▶ [Action item] Nothing but an exact repetition of the entries should appear in the answer.

Saved entries:
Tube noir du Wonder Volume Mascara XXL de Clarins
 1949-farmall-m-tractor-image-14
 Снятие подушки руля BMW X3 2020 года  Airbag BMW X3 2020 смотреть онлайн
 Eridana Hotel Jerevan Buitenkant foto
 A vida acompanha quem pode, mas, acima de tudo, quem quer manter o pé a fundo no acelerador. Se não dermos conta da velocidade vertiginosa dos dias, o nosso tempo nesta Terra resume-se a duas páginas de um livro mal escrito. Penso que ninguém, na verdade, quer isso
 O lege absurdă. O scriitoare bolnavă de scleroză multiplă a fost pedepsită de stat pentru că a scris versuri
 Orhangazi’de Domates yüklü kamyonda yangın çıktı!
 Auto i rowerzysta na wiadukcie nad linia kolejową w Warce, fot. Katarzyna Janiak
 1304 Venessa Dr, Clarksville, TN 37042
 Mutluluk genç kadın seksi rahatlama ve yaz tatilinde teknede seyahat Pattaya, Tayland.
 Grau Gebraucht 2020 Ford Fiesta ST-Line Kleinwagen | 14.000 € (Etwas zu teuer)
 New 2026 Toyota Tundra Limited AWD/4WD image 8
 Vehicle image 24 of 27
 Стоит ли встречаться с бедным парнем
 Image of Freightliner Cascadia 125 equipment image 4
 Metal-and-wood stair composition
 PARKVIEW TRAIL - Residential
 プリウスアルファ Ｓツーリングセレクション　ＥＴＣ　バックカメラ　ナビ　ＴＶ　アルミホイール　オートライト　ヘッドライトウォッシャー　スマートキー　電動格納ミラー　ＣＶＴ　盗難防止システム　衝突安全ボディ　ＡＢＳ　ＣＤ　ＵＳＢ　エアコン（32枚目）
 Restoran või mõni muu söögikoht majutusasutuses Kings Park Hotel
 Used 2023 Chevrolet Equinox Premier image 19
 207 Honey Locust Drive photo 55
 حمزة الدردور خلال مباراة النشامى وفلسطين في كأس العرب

▶ [Result below]
Tube noir du Wonder Volume Mascara XXL de Clarins
 1949-farmall-m-tractor-image-14
 Снятие подушки руля BMW X3 2020 года  Airbag BMW X3 2020 смотреть онлайн
 Eridana Hotel Jerevan Buitenkant foto
 A vida acompanha quem pode, mas, acima de tudo, quem quer manter o pé a fundo no acelerador. Se não dermos conta da velocidade vertiginosa dos dias, o nosso tempo nesta Terra resume-se a duas páginas de um livro mal escrito. Penso que ninguém, na verdade, quer isso
 O lege absurdă. O scriitoare bolnavă de scleroză multiplă a fost pedepsită de stat pentru că a scris versuri
 Orhangazi’de Domates yüklü kamyonda yangın çıktı!
 Auto i rowerzysta na wiadukcie nad linia kolejową w Warce, fot. Katarzyna Janiak
 1304 Venessa Dr, Clarksville, TN 37042
 Mutluluk genç kadın seksi rahatlama ve yaz tatilinde teknede seyahat Pattaya, Tayland.
 Grau Gebraucht 2020 Ford Fiesta ST-Line Kleinwagen | 14.000 € (Etwas zu teuer)
 New 2026 Toyota Tundra Limited AWD/4WD image 8
 Vehicle image 24 of 27
 Стоит ли встречаться с бедным парнем
 Image of Freightliner Cascadia 125 equipment image 4
 Metal-and-wood stair composition
 PARKVIEW TRAIL - Residential
 プリウスアルファ Ｓツーリングセレクション　ＥＴＣ　バックカメラ　ナビ　ＴＶ　アルミホイール　オートライト　ヘッドライトウォッシャー　スマートキー　電動格納ミラー　ＣＶＴ　盗難防止システム　衝突安全ボディ　ＡＢＳ　ＣＤ　ＵＳＢ　エアコン（32枚目）
 Restoran või mõni muu söögikoht majutusasutuses Kings Park Hotel
 Used 2023 Chevrolet Equinox Premier image 19
 207 Honey Locust Drive photo 55
 حمزة الدردور خلال مباراة النشامى وفلسطين في كأس العرب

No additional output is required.